*ABOUT THIS EXERCISE:* What is needed is an exact transcription of the listing, with the images removed.

*STORED DATA:*
##########
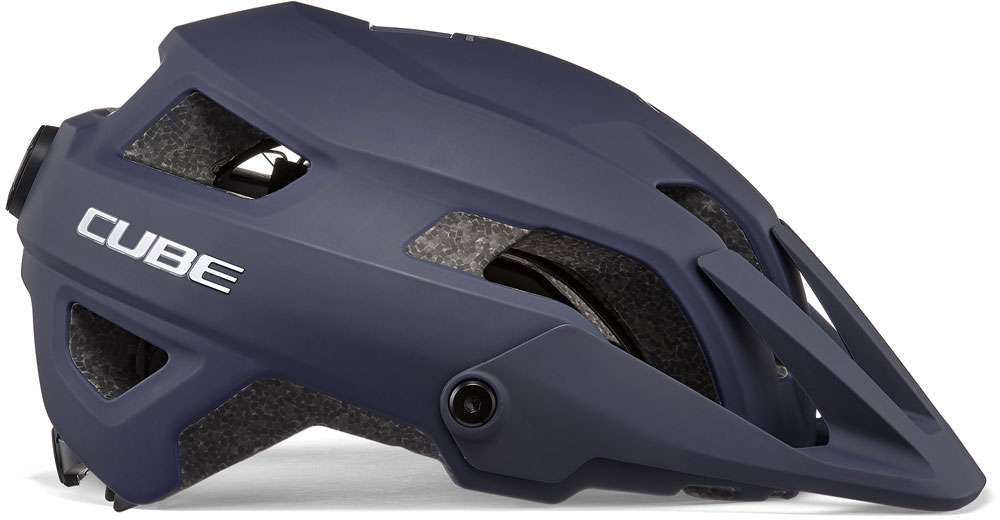 Cube frisk mips - mtb helmet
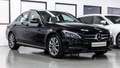 Mercedes-Benz C 180 C180 AVANTGARDE SAG LED NAV CPA+ TEMP PANO SHZ 17" Schwarz - thumbnail 3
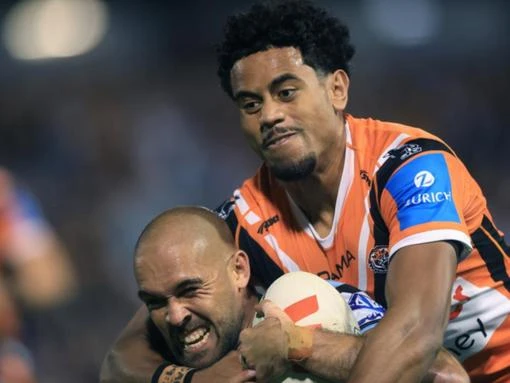 'Love what I'm doing': Bula won't follow Galvin out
##########
*WRITTEN RESPONSE:*
 Cube frisk mips - mtb helmet
 Mercedes-Benz C 180 C180 AVANTGARDE SAG LED NAV CPA+ TEMP PANO SHZ 17" Schwarz - thumbnail 3
 'Love what I'm doing': Bula won't follow Galvin out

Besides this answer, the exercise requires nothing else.